** Prompt **
Return the data that follows exactly. Include every line.

** Records supplied **
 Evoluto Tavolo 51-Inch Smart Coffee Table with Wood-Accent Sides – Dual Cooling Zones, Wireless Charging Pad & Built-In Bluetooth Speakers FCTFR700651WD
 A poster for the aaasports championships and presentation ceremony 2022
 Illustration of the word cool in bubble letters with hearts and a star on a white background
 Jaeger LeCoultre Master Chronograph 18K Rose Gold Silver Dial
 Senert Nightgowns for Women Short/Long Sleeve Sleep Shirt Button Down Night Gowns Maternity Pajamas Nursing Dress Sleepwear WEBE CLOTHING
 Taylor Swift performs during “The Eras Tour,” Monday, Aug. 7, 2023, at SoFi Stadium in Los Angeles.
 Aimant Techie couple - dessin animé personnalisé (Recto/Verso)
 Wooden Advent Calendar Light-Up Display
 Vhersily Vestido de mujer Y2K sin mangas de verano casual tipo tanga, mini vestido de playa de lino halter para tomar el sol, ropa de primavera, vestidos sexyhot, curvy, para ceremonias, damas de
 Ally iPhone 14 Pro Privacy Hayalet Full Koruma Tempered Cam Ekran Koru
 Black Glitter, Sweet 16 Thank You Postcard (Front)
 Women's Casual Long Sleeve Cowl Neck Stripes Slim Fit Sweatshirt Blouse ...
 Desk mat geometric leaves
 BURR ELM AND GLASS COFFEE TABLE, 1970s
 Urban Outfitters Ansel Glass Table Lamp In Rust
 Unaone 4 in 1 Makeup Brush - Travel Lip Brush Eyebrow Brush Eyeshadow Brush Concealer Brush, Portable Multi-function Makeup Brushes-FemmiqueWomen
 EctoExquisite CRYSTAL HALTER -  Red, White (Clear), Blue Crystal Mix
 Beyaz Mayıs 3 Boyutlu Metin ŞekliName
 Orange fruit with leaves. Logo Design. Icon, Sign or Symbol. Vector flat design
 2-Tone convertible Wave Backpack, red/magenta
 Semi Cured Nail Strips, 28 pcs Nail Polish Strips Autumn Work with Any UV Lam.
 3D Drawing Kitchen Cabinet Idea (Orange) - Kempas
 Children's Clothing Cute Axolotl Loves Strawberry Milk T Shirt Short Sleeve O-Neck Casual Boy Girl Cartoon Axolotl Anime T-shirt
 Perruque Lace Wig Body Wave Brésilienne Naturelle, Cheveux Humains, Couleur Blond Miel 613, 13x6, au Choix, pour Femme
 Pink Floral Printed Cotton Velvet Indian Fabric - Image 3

** Solution to this exercise **
 Evoluto Tavolo 51-Inch Smart Coffee Table with Wood-Accent Sides – Dual Cooling Zones, Wireless Charging Pad & Built-In Bluetooth Speakers FCTFR700651WD
 A poster for the aaasports championships and presentation ceremony 2022
 Illustration of the word cool in bubble letters with hearts and a star on a white background
 Jaeger LeCoultre Master Chronograph 18K Rose Gold Silver Dial
 Senert Nightgowns for Women Short/Long Sleeve Sleep Shirt Button Down Night Gowns Maternity Pajamas Nursing Dress Sleepwear WEBE CLOTHING
 Taylor Swift performs during “The Eras Tour,” Monday, Aug. 7, 2023, at SoFi Stadium in Los Angeles.
 Aimant Techie couple - dessin animé personnalisé (Recto/Verso)
 Wooden Advent Calendar Light-Up Display
 Vhersily Vestido de mujer Y2K sin mangas de verano casual tipo tanga, mini vestido de playa de lino halter para tomar el sol, ropa de primavera, vestidos sexyhot, curvy, para ceremonias, damas de
 Ally iPhone 14 Pro Privacy Hayalet Full Koruma Tempered Cam Ekran Koru
 Black Glitter, Sweet 16 Thank You Postcard (Front)
 Women's Casual Long Sleeve Cowl Neck Stripes Slim Fit Sweatshirt Blouse ...
 Desk mat geometric leaves
 BURR ELM AND GLASS COFFEE TABLE, 1970s
 Urban Outfitters Ansel Glass Table Lamp In Rust
 Unaone 4 in 1 Makeup Brush - Travel Lip Brush Eyebrow Brush Eyeshadow Brush Concealer Brush, Portable Multi-function Makeup Brushes-FemmiqueWomen
 EctoExquisite CRYSTAL HALTER -  Red, White (Clear), Blue Crystal Mix
 Beyaz Mayıs 3 Boyutlu Metin ŞekliName
 Orange fruit with leaves. Logo Design. Icon, Sign or Symbol. Vector flat design
 2-Tone convertible Wave Backpack, red/magenta
 Semi Cured Nail Strips, 28 pcs Nail Polish Strips Autumn Work with Any UV Lam.
 3D Drawing Kitchen Cabinet Idea (Orange) - Kempas
 Children's Clothing Cute Axolotl Loves Strawberry Milk T Shirt Short Sleeve O-Neck Casual Boy Girl Cartoon Axolotl Anime T-shirt
 Perruque Lace Wig Body Wave Brésilienne Naturelle, Cheveux Humains, Couleur Blond Miel 613, 13x6, au Choix, pour Femme
 Pink Floral Printed Cotton Velvet Indian Fabric - Image 3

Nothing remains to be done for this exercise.